Written by Jeff Bushke
I drove East on Airport Way, at 3:40 AM on Tuesday. There was no traffic and the stop lights all gave me a “green”, until I reached Cushman Ave. Just a few more blocks and then I would arrive at the Empress Theater just before the top of the hour.
I was about to embark on a journey that took me back 45 years. The objective was to read “The Merchant of Venice” by William Shakespeare.
The last time I did this I was in my high school English class, it was Juneau, '67. Everyone knows Juneau, the capital of Alaska, however, the city of which I speak is located in central Wisconsin.
Mrs. Breamer was the teacher all those years ago. I did not understand, why we had to read words written eons ago? I still recall the emphasis placed on Portia’s mercy speech. These words reflect the heart and soul of the play:
“The quality of mercy is not strain'd,
It droppeth as the gentle rain from heaven
Upon the place beneath: it is twice blest;
It blesseth him that gives and him that takes”
These four lines had faded from my memories over the years. My recent reading of the play has allowed these fond memories of days gone by, to resurface to the forefront of my consciousness.

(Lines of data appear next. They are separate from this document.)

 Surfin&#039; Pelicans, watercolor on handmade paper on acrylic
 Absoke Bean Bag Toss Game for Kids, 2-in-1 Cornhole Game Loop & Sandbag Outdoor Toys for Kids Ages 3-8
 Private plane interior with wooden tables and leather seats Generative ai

I walked up the thread-bare carpet cushioning the steps of the Empress Theater.
The room is illuminated by four banker’s lamps with green shades. A large thick book of the complete works of Shakespeare sat lonely, in front of each of the other twenty empty chairs.

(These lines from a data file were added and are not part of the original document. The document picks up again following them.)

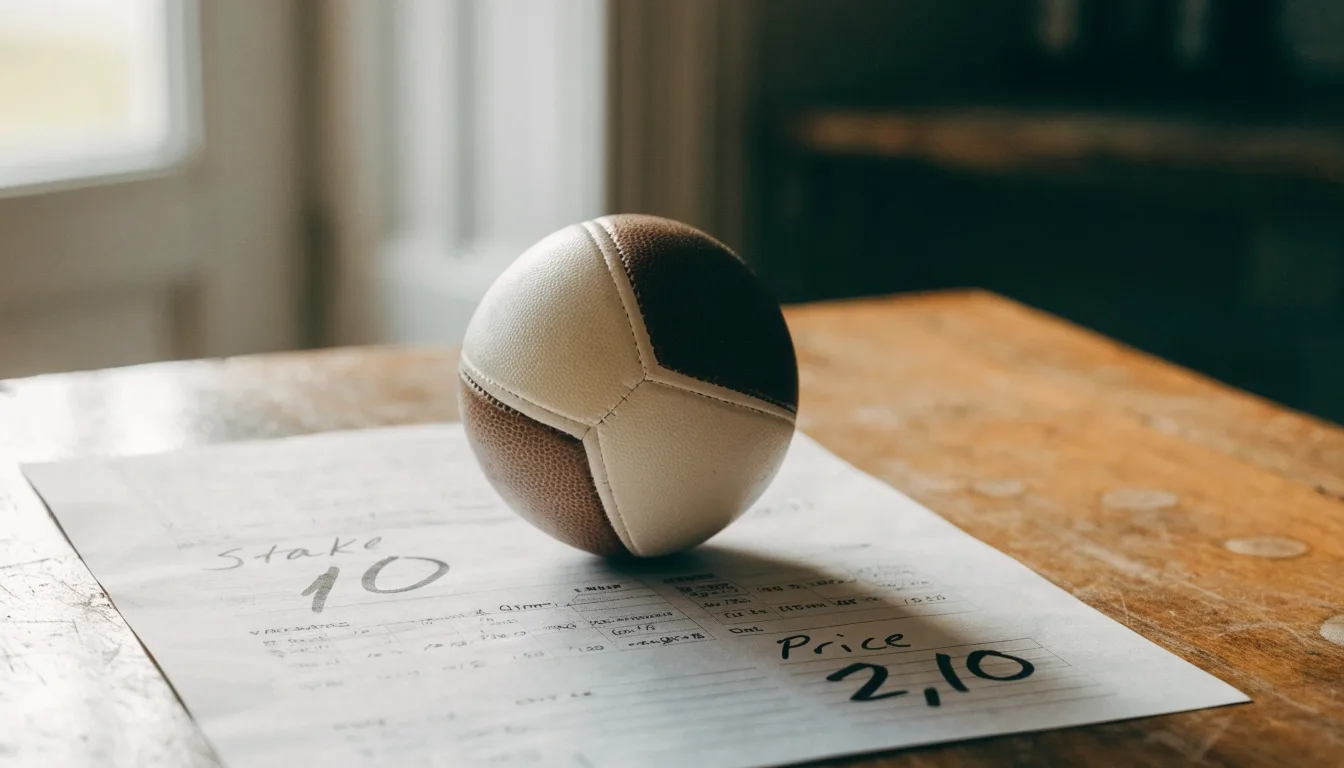 Un pallone da calcio appoggiato su una schedina bianca su un tavolo di legno, alla luce del giorno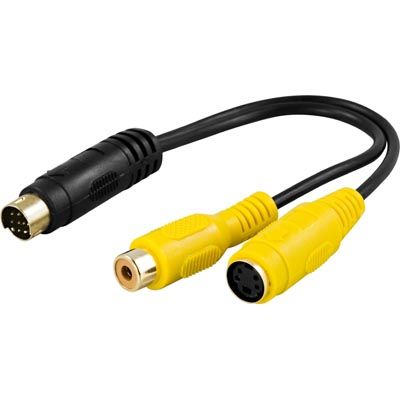 DELTACO AA-26, miniDIN 9-pin miniDIN 4-pin zwart, Geel kabeladapter/verloopstukje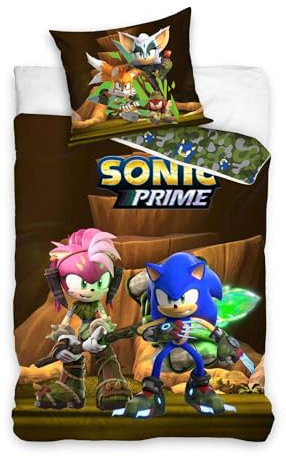 Carbotex Sonic The Hedgehog Wende-Bettwäsche-Set 135x200 80x80 Baumwolle Kinder-Bettzeug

This was my first time reading at the Bard-a-thon. The words weren’t as cumbersome as I had remembered from my youth. Four people joined together to read some of the greatest words ever written. Two hours and 40 minutes elapsed until the last line of the play was read aloud. I felt a kinship with the others, for we shared a common goal in keeping the spirit of Shakespeare alive.
I miss my old friends from Juneau, and I mouthed a silent “Thank You” to Mrs. Breamer for her effort to share with her class the wonderful words of a world master. I also said a “Thank You” to Bard-a-thon for digging deep into my past and lifting up some joyous memories.